Yes he’s a little gloomy sometimes – and I like that! I get the biggest kick out of cool dudes’ tales of woe. Probably because they actually have tales to tell, unlike us bookish nerds, and they tell their tales hilariously. Somehow the cool suffering dudes know how to make you laugh. In this particular real-life story of mine, it also turns out they know how to write. That is what you call a blessing. I think last year’s trials and tribulations were necessary to open my eyes wide enough here in 2014 to see it. So thank you, 2013.
(But still, good riddance, 2013, you hurt a lot of people and so I can’t help but think of you as a necessary evil, and I don’t know many people who feel otherwise.)
Back to Stephen Dobyns – have you read this guy? He’s incredible! Such a unique style. I remember reading his novel The Church of Dead Girls back in the 90’s – I was pumped to write like that guy! Exactly like him! Of course I couldn’t, but that desire launched me forward, and I started off writing sorta like him, and then as the pages and days piled up, nothing at all like him, but by then, who cares?!? Stephen Dobyns had unleased the story in me. That is such a beautiful thing, that one writer does for another.

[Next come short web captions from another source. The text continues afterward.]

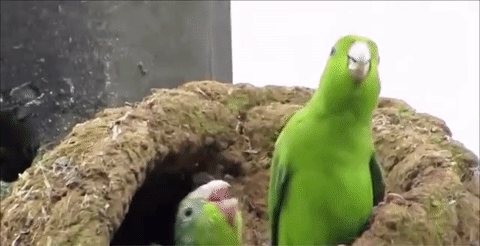 Mama Mother Madre Gif On Gifer By Sagal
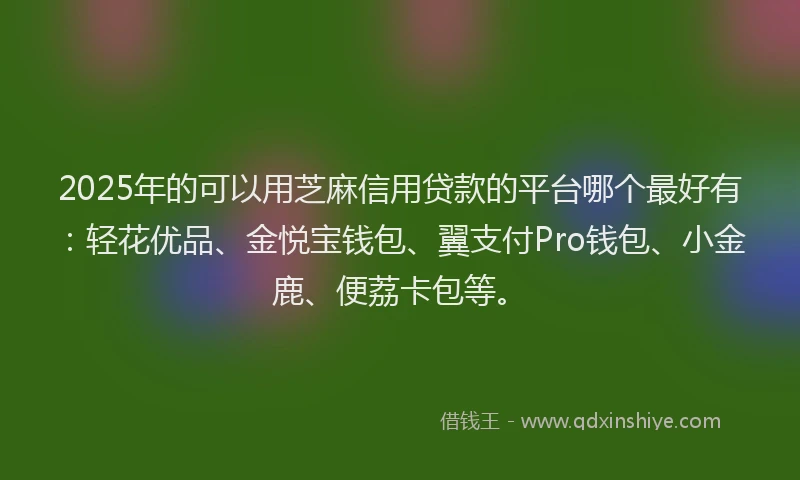 2025年的可以用芝麻信用贷款的平台哪个最好有：轻花优品、金悦宝钱包、翼支付Pro钱包、小金鹿、便荔卡包等。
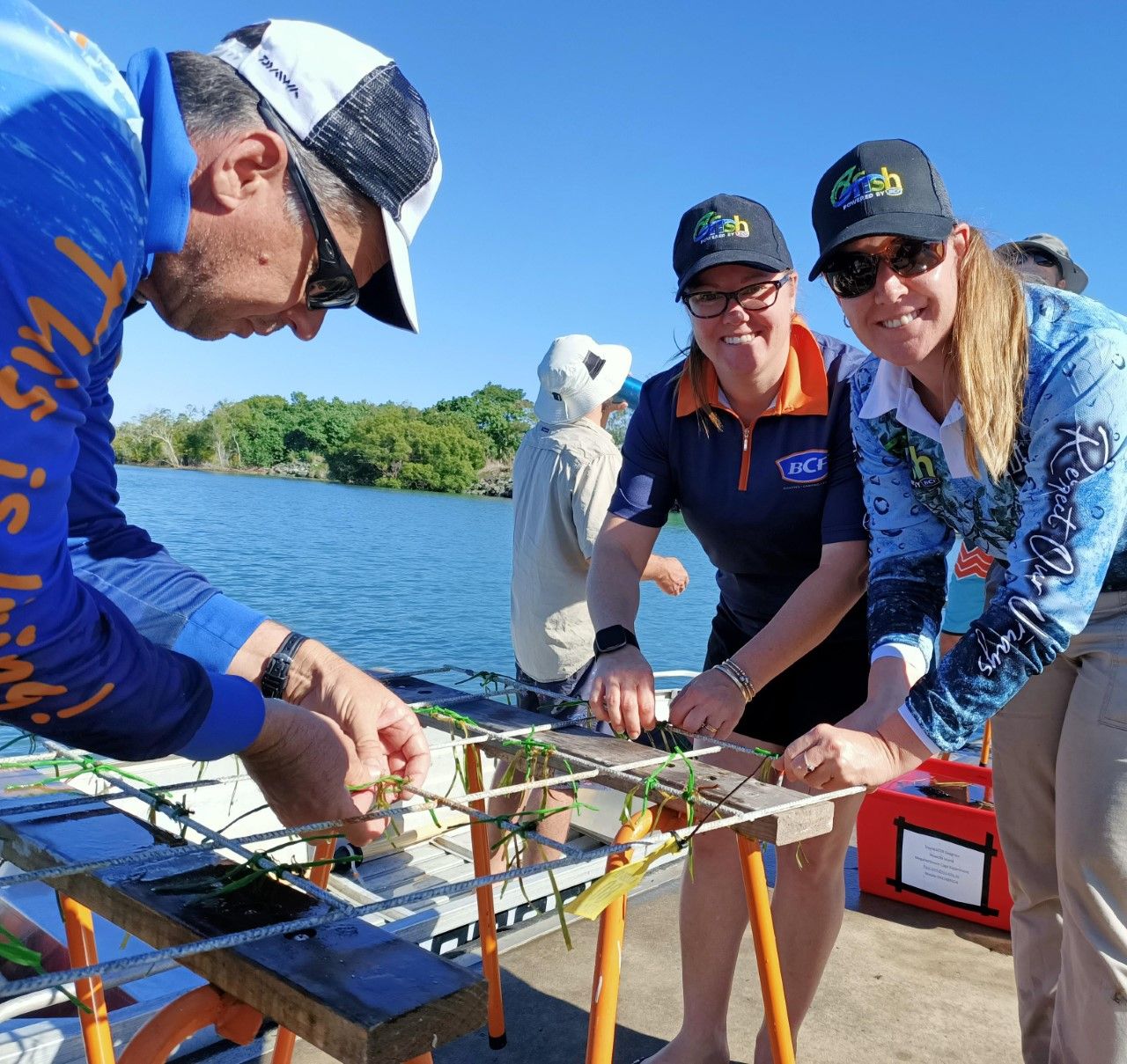 Seagrass restoration kick started at Mourilyan Harbour Innisfail Fishing World Australia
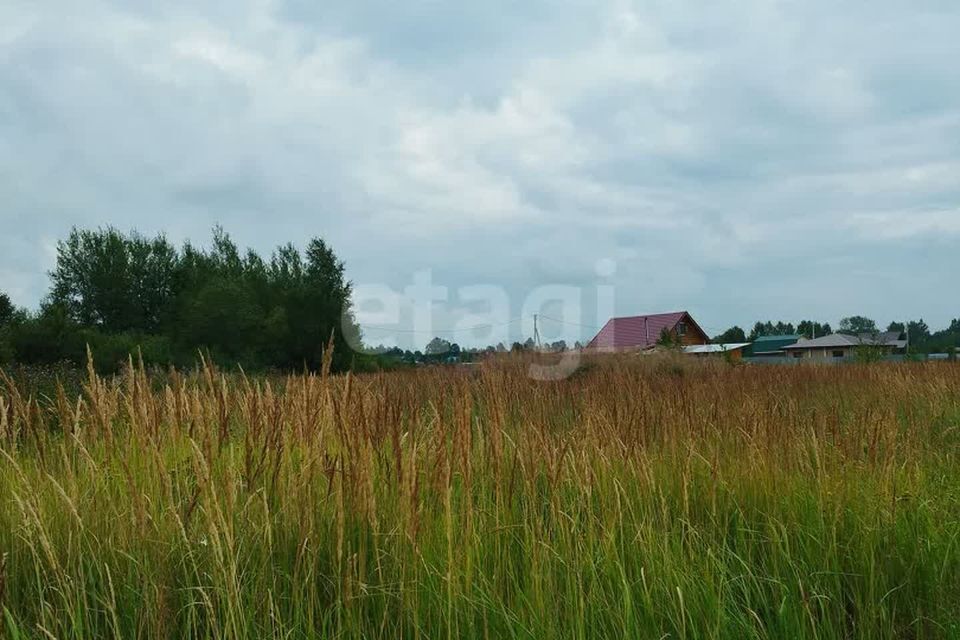 земля г Йошкар-Ола д Шоя-Кузнецово Йошкар-Ола городской округ, деревня Шоя-Кузнецово, 18 фото 2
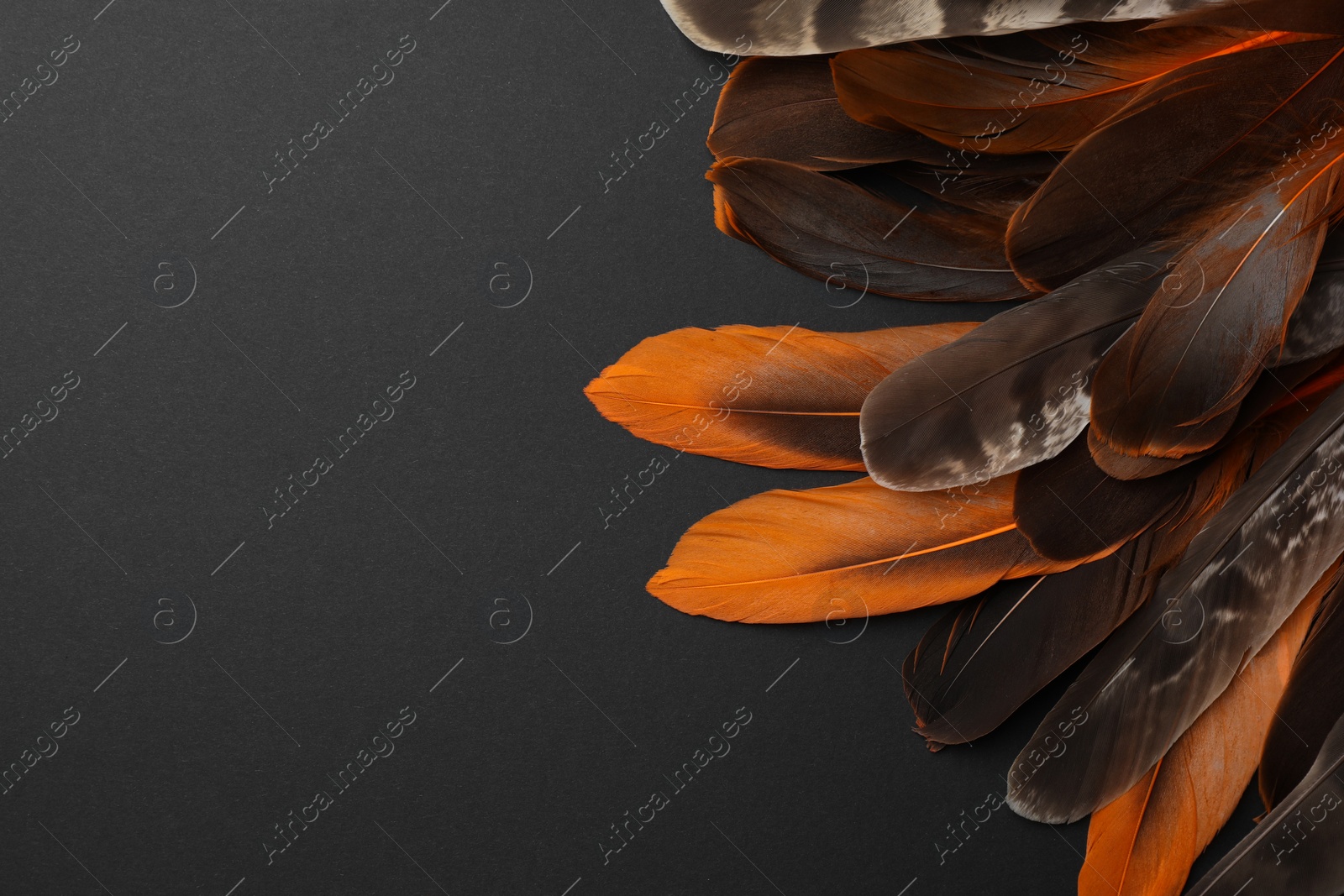 Photo of Many different bird feathers on black background, flat lay. Space for text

And I’m going to tell him so. This is new in 2014! Connections, connections, you have to make connections! That’s what all the how-to-be-a-(marketable)-writer bloggers tell you. Of course I knew they were right, but oh how it hurt trying, all year long in 2013, trying to connect with people I didn’t know….
…and then in 2014, it finally dawned on me: I should connect with people who I feel connected with! That might actually be fun! Which made me realize, I’ve never told the guy who inspired Java Man, the brilliant science writer Stephen Hall, just what he has meant to us. So I did, and next thing you know he has a copy of Java Man in his hands, and we’re calling him Steve. And regardless what happens from there, the world just feels a little better having corresponded with this gentleman.
And so Stephen Dobyns is also going to receive an e-mail from Harris Gray, telling him how much we admire him, and how a passage in The Burn Palace, about this nerdy bookish kid wanting to be a vampire when he grew up, because “Have you ever seen a nervous vampire?”, how it made us think that he might get a kick out of a story about, yes, a nervous vampire who didn’t have the self-confidence to bite someone. And then maybe he’ll let us send him a copy of Vampire Vic, and who knows, maybe that will lead to a mention to someone else who we’d enjoy being connected with, and so on and so on, in the magical way that connections often work.
Finally, did you know my writing partner loved Lorraine Hansberry? I didn’t. Likewise he didn’t know that a few weeks back I stumbled across Sidney Poitier on a movie classics channel, that I paused for a moment (with finger on the Channel-Up button) to enjoy the master, and ended up spending two hours falling in love with A Raisin in the Sun. Incredible writing feeding stellar performances. Until now, 2014, I had no idea who Lorraine Hansberry was. Thanks to my partner (and Mr. Poitier), that problem has now been rectified. Makes me excited to taste more of those grapes he bottled these past fifteen years.
Ruth McCleerey said:
Optimism is great, but knowledge of one’s ability is the answer to all, especially bringing your story to life for all. Was worried at the beginning of your comments, but realized that you were not just telling your story, but you drawing us (your readers) into your web. Keep writing, and we will be there for you.